Diffraction is something that I've never really worried too much about. The theory may be that it'll make pictures less good than they could be but what matters to me and maybe what matters to others too is how the final picture looks and if the theory says that diffraction could be an issue but the final picture looks ok... then who cares about diffraction
I've taken pictures at apertures of and smaller than f16 with all of my cameras and I can't say that anyone has ever said "Oh er. Diffraction there mate!"
And on the general subject of how much we need to know.

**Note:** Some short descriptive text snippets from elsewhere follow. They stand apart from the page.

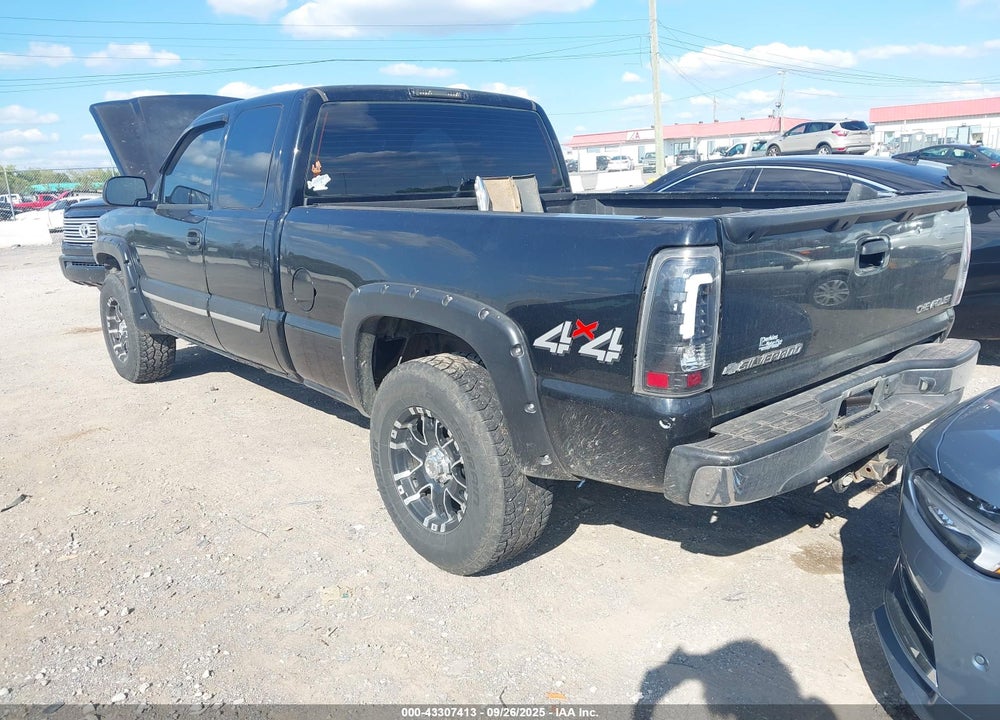 2004 CHEVROLET SILVERADO 1500 LS VIN: 1GCEK19TX4E227059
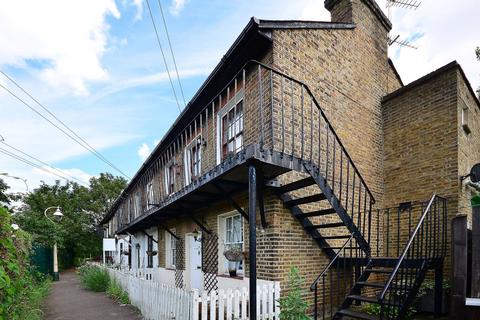 1 bedroom flat for sale, Model Cottages, West Ealing, London, W13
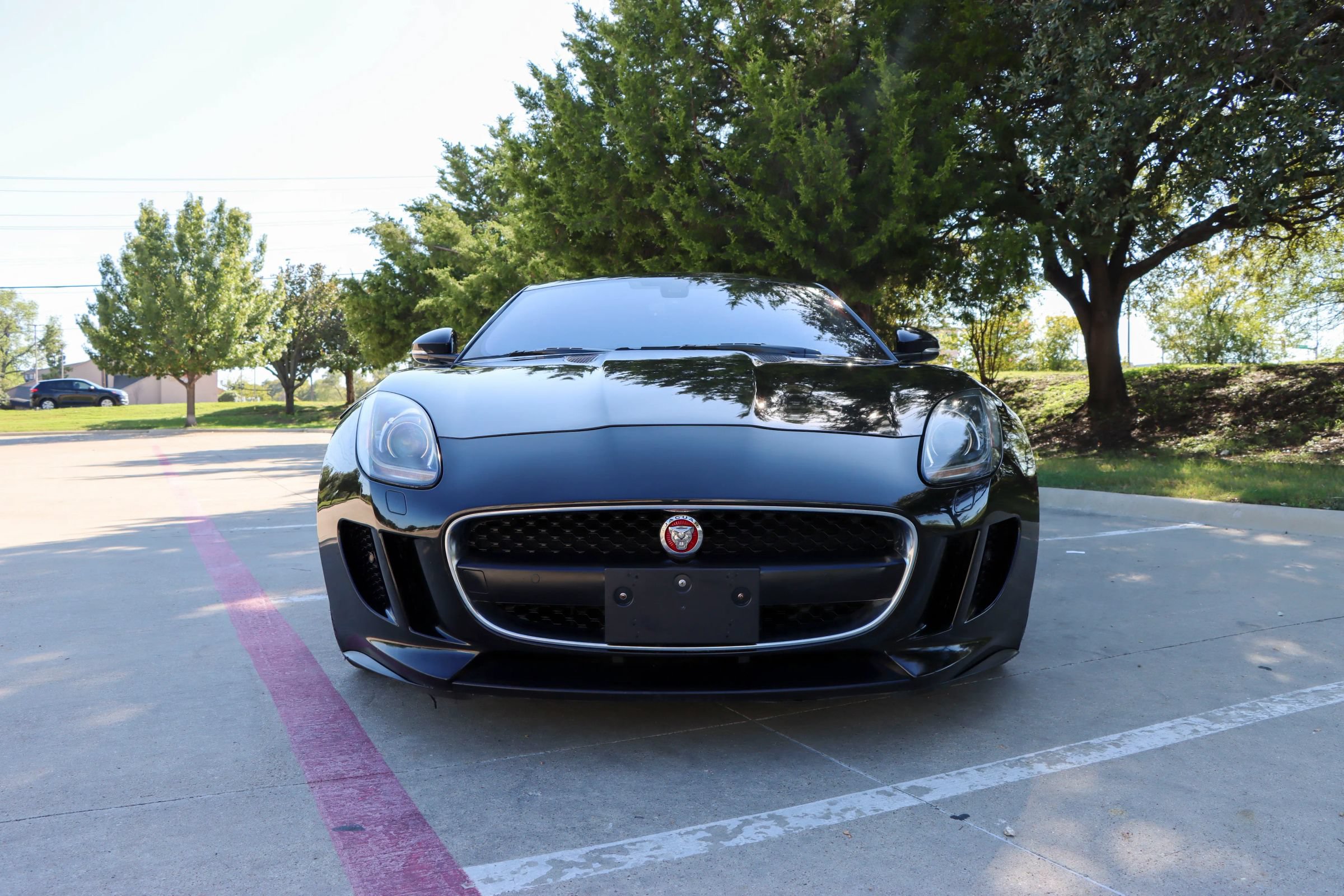 Used 2017 Jaguar F-TYPE Coupe RWD image 2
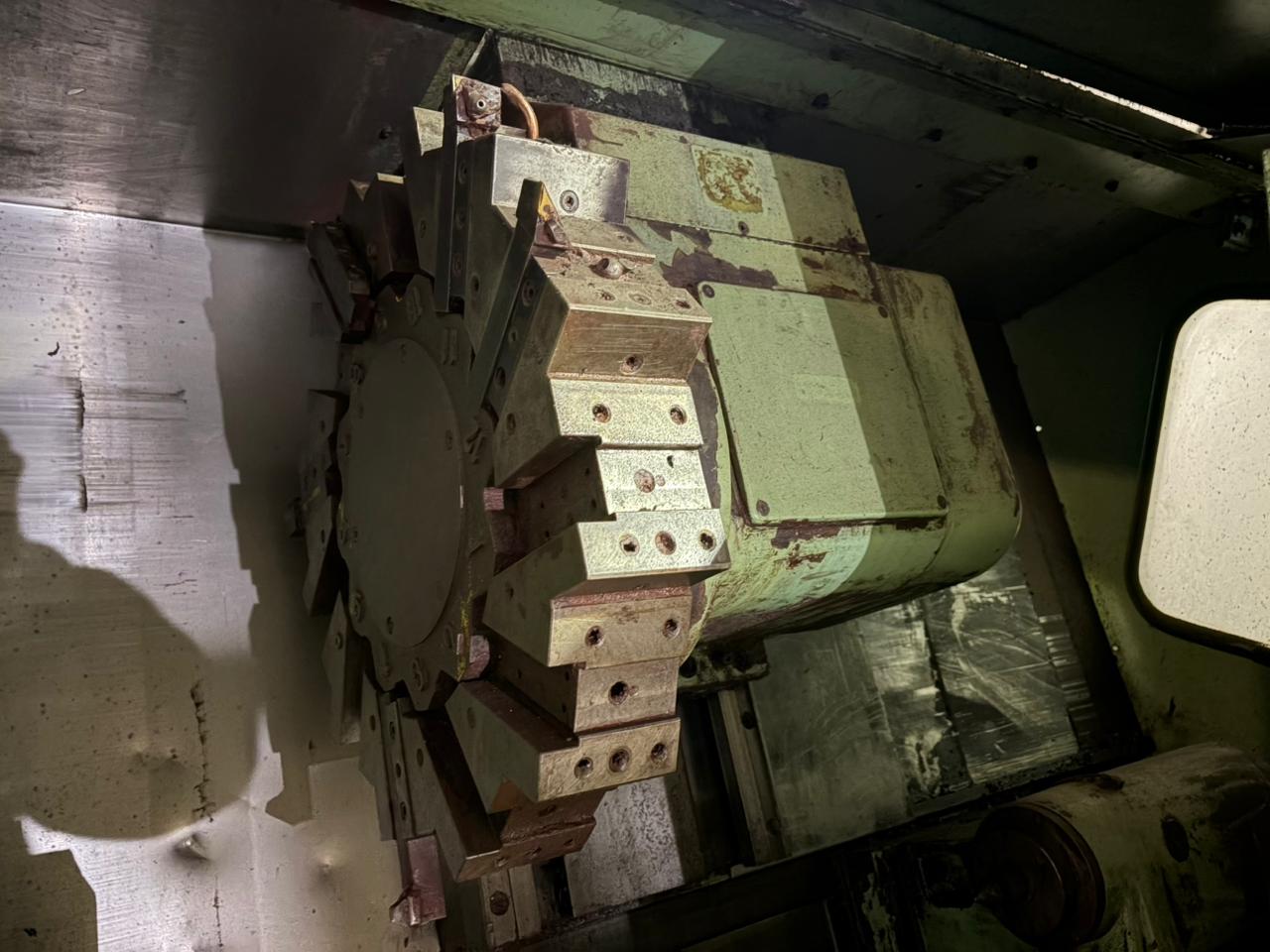 Daewoo PUMA 10S CNC Turning Center – Fanuc 15T Control 4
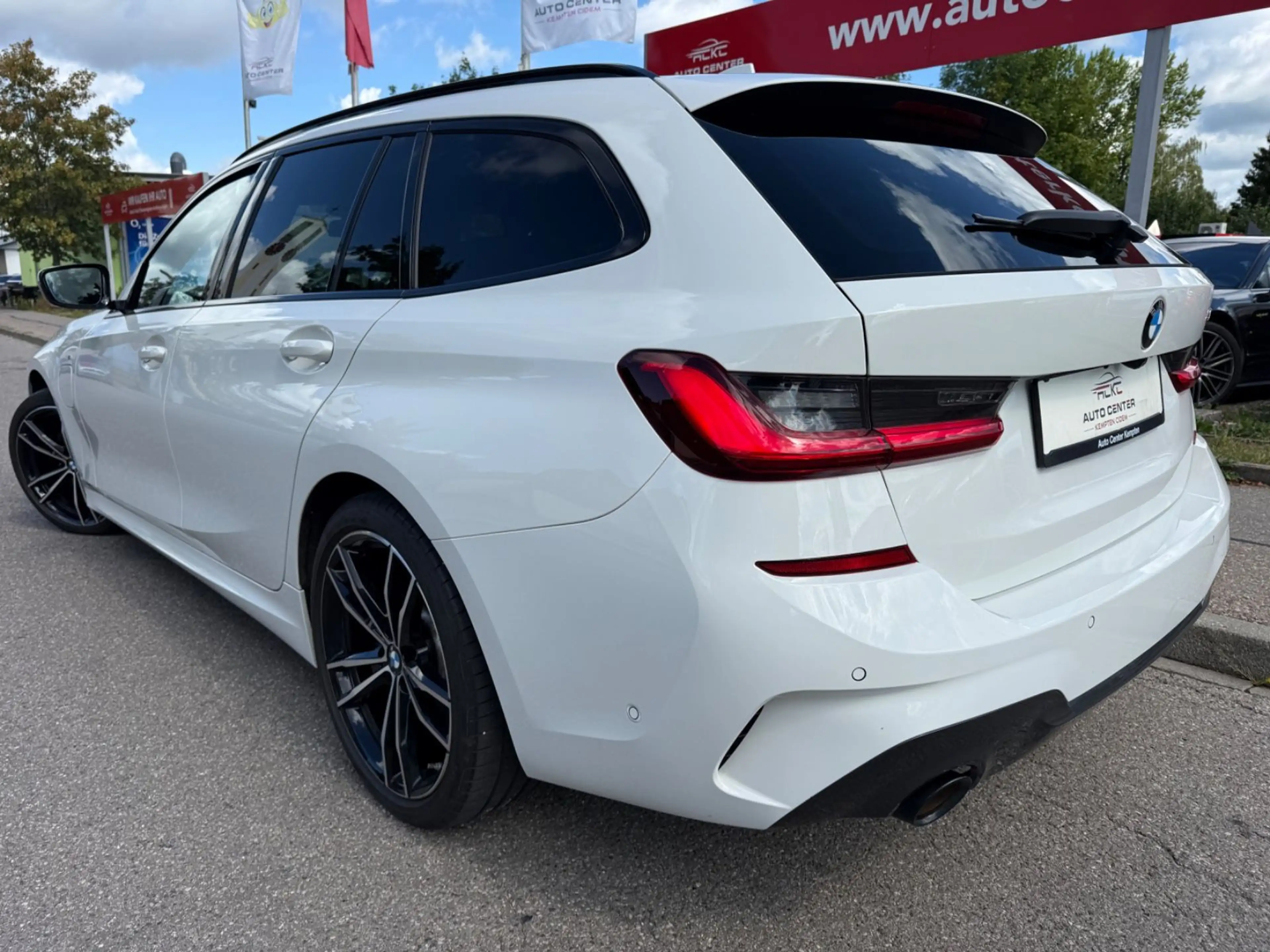 BMW 330 e Touring M Sport*Harman-Kardon*VIRTUAL*ACC — photo 5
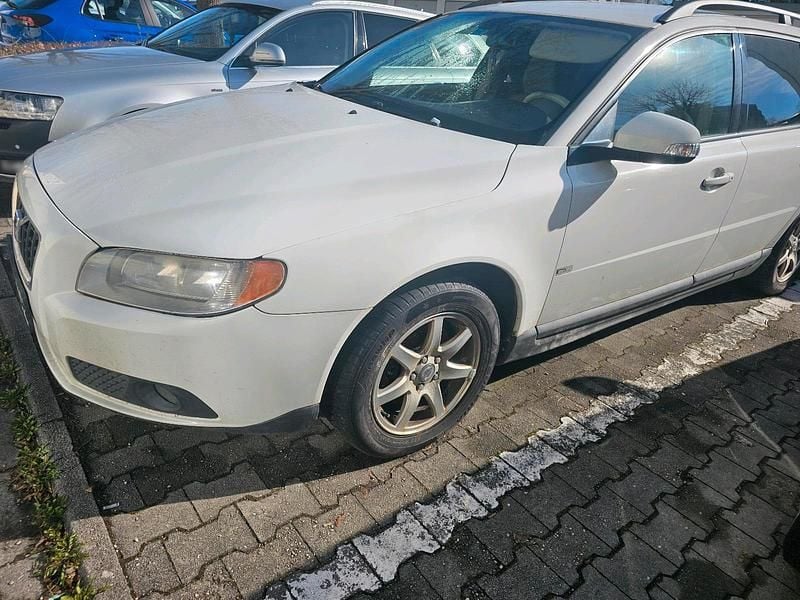 Second-hand Volvo V70 136 CP (100 kW) 2009 Alb Break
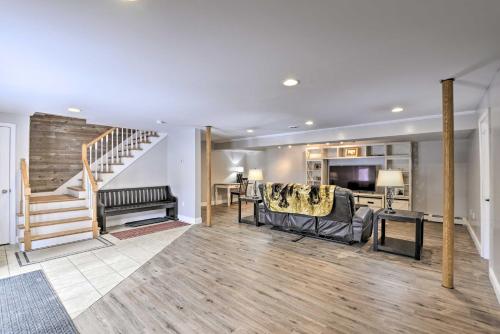 Χώρος καθιστικού στο Idyllic Washington Retreat with Fire Pit and Yard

Once upon a time I used to fix stuff... sometimes we'd be sent to fix a thing we might not have seen before and we just had to get on with it. I worked with a guy who had a different approach to me, he'd try to understand the thing and how it worked in the belief that understanding would help him to fix it. I had a different approach, I didn't care how it worked or if I understood it or not, I only cared why it didn't work and what I had to do to get it working again. Occasionally back then I had to engage my brain and work things out but most often a deep understanding of the finer points just wasn't required and I do believe that the same is mostly true in photography. I do think that we need to be vaguely aware so that if we need to we can do some deep thinking or go away and research and learn but mostly I think that photography is technically pretty simple. See something worth taking a picture of... aperture, shutter, ISO (there's a contentious one
) perspective, framing and composition... Isn't that enough a lot of the time.